- REQUIREMENT: Repeat every record exactly as written, but leave out the pictures.

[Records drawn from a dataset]
* * *

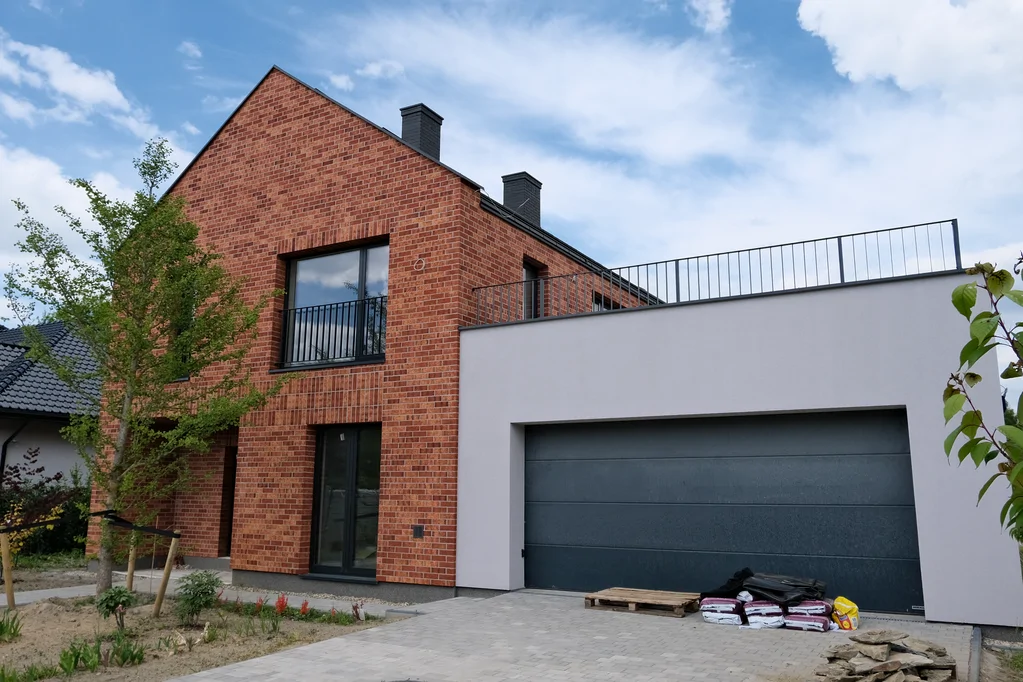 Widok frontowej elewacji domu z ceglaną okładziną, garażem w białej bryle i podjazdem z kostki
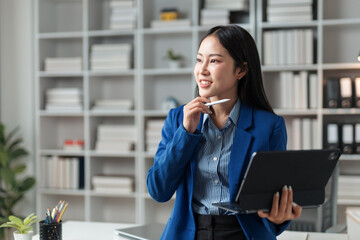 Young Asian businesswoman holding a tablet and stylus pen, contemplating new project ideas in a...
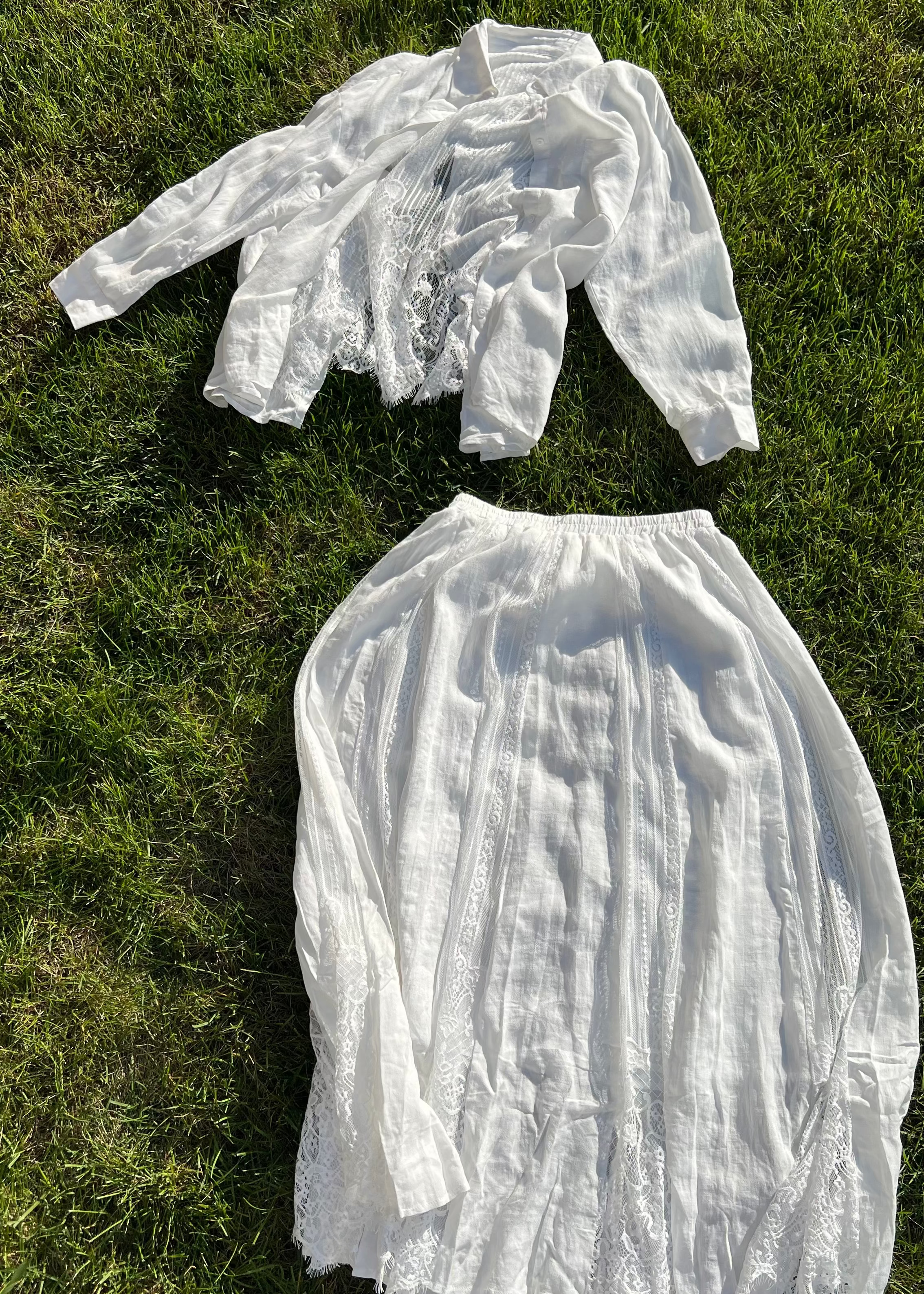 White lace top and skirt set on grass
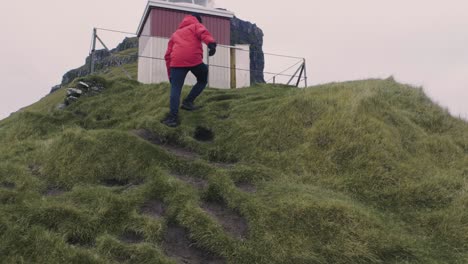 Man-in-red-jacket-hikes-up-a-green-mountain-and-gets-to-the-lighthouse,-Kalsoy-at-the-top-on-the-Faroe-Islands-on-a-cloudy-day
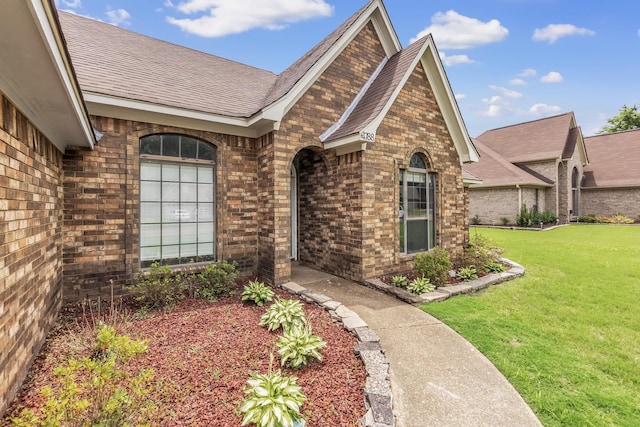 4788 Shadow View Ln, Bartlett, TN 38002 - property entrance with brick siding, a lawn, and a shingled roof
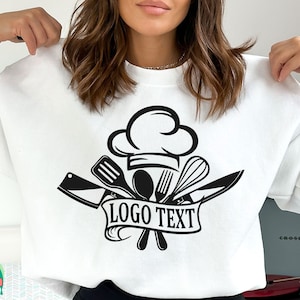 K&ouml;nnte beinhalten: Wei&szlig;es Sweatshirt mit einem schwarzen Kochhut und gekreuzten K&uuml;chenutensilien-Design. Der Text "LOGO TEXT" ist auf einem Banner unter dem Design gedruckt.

* * *

- WRITTEN RESPONSE:
 Widok frontowej elewacji domu z ceglaną okładziną, garażem w białej bryle i podjazdem z kostki
 Young Asian businesswoman holding a tablet and stylus pen, contemplating new project ideas in a...
 White lace top and skirt set on grass
 Man-in-red-jacket-hikes-up-a-green-mountain-and-gets-to-the-lighthouse,-Kalsoy-at-the-top-on-the-Faroe-Islands-on-a-cloudy-day
 4788 Shadow View Ln, Bartlett, TN 38002 - property entrance with brick siding, a lawn, and a shingled roof
 K&ouml;nnte beinhalten: Wei&szlig;es Sweatshirt mit einem schwarzen Kochhut und gekreuzten K&uuml;chenutensilien-Design. Der Text "LOGO TEXT" ist auf einem Banner unter dem Design gedruckt.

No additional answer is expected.